The film begins on a body floating in the sea on the belly. His back is a huge tattoo as a young teenager, Kaito, viewing and understood quickly that he is dead. He saves himself by running and crosses not to mention a girl, Kyoko. Silences, ubiquitous are a reflection of the discomfort of this boy who is not native to the island and lives with his mother while his father lives in Tokyo. Away from the hustle and bustle of the big city where the father (Jun Murakami is also the father of Nijiro Murakami to the city) speaks good of this life that drives him to create, to never stop, to always be in motion.
The two share an intimate moment in the public baths where everyone rubs the back of the other, and where his father's back is decorated with a huge tattoo.
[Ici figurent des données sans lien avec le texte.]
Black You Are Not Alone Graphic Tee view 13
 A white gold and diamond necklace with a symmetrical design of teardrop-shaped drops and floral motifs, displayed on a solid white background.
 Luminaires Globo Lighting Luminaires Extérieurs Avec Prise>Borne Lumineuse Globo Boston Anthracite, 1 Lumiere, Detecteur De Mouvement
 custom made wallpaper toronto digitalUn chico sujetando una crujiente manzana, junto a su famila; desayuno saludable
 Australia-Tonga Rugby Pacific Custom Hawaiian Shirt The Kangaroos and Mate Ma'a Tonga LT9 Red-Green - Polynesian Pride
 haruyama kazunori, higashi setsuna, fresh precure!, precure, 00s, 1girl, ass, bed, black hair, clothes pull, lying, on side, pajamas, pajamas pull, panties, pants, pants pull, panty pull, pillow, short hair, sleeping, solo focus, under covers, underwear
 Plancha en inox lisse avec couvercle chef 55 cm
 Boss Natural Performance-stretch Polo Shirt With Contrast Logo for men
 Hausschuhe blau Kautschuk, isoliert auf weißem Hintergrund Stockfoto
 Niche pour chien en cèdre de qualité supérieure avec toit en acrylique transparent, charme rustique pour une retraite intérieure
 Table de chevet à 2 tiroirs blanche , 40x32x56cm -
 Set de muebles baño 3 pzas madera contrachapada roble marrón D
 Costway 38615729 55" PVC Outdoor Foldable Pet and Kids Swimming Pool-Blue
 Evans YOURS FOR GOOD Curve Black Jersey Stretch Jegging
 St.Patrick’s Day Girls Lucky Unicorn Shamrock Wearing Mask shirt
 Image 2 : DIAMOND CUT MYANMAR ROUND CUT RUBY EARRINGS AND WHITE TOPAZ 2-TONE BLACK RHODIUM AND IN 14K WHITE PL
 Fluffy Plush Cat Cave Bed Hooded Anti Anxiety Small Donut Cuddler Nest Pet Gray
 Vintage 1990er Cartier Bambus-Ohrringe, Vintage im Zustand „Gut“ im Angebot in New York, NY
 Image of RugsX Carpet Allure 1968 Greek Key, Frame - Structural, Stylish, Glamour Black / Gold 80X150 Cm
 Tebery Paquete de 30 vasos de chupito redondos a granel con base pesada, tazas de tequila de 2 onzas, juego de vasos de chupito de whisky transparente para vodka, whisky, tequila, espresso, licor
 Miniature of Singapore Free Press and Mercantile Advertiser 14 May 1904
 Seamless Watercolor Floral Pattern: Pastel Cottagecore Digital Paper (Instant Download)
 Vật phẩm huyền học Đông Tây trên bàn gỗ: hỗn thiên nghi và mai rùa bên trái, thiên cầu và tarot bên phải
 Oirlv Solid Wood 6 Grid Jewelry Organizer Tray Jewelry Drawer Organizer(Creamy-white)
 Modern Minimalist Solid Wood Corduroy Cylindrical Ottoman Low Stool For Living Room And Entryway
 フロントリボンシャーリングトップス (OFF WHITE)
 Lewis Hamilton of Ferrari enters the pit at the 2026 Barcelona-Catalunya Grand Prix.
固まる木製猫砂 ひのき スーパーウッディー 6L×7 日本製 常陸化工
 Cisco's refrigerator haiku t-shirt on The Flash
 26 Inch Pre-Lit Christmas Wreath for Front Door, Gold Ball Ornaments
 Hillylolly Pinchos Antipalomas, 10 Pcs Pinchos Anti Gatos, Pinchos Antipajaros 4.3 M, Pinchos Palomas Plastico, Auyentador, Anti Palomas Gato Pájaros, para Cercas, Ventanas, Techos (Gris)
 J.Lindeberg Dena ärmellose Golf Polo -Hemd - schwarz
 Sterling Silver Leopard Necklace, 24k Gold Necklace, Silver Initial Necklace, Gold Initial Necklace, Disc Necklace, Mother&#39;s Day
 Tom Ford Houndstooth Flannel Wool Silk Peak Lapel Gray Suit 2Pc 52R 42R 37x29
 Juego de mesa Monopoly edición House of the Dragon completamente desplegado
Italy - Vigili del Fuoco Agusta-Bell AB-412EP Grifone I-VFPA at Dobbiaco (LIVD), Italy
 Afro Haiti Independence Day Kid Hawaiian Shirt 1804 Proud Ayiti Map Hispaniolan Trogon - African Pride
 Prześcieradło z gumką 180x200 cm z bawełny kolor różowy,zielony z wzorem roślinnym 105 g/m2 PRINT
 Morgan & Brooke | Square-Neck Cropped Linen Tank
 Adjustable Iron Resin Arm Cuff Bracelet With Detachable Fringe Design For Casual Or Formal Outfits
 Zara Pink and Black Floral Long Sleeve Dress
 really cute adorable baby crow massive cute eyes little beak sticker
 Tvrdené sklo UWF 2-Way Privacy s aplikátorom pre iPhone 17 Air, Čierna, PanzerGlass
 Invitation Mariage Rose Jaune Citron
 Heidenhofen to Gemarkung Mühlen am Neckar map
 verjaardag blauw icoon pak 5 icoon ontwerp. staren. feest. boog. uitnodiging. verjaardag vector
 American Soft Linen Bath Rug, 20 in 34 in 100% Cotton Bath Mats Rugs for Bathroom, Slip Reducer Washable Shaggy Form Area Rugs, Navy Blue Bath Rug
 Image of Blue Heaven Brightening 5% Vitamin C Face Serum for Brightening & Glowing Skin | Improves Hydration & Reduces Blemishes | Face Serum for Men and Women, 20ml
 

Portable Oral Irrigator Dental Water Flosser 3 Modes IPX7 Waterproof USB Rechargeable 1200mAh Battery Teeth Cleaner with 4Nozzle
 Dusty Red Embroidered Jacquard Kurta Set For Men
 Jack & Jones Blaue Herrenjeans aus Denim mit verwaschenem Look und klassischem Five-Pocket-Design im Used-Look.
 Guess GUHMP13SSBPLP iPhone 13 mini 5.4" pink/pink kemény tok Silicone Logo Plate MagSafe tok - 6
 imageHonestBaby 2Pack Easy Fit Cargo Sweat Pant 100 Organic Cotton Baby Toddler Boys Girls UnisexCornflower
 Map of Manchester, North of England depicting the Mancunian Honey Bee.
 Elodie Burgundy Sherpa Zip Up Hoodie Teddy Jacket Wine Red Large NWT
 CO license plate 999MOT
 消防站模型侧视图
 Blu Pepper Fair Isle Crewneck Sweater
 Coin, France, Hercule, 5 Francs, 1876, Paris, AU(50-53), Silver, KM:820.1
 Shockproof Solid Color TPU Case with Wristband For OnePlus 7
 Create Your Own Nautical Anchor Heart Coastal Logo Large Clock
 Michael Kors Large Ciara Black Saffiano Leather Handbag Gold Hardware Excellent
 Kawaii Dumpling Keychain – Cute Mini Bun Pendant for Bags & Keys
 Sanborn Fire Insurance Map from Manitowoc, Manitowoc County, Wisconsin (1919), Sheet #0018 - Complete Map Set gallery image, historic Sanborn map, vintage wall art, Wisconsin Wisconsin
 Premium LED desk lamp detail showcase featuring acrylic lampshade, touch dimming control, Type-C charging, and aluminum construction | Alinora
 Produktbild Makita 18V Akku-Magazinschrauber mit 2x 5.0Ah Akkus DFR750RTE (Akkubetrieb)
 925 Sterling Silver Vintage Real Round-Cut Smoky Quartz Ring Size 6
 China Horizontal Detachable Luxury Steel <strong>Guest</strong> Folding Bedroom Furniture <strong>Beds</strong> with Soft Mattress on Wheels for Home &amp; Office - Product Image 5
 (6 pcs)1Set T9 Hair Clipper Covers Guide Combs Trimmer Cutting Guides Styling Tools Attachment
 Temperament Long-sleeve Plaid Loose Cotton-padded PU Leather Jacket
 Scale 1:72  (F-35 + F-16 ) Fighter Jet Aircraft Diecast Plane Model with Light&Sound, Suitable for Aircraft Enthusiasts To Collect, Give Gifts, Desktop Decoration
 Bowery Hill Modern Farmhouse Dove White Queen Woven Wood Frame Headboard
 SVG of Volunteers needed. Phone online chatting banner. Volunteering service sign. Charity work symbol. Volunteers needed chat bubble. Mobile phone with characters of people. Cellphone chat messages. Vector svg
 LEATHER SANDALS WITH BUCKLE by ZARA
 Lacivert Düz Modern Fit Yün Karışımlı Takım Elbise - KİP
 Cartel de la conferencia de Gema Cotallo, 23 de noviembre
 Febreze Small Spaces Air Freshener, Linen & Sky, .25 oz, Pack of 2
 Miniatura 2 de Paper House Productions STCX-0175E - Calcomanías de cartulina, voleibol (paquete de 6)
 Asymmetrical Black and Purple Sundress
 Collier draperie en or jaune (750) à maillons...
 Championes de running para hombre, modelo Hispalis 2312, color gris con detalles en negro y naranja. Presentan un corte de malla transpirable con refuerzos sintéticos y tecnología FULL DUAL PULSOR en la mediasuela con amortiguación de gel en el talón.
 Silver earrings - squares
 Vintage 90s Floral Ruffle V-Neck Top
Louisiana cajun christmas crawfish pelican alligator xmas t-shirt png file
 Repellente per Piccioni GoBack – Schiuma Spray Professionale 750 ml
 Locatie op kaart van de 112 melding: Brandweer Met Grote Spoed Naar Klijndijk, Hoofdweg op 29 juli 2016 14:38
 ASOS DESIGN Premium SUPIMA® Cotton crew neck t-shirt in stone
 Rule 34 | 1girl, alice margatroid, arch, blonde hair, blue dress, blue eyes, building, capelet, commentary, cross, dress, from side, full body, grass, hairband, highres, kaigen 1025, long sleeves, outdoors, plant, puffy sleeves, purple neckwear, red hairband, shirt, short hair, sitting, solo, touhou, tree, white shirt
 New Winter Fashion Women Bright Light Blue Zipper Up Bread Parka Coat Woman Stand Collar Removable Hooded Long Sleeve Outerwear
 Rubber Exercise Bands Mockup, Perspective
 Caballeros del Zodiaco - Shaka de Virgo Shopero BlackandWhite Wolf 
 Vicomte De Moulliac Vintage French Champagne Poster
But on the island, swept very often typhoons, the lives unfold more calmly. And all the beautiful images of Naomi Kawase remind us how nature is superior. Moreover, the mother of Kyoko is a kind of medium and communicates with all elements. It is also dying but serene. And despite the hardness of the event, it gives rise to beautiful passages featuring singing and dancing as well as poetry and family life.
The story of Kaito and Kyoko is intimately to the island which brings them closer to nature. Its huge and magnificent landscapes give décor to their long bike rides, scenes that I preferred.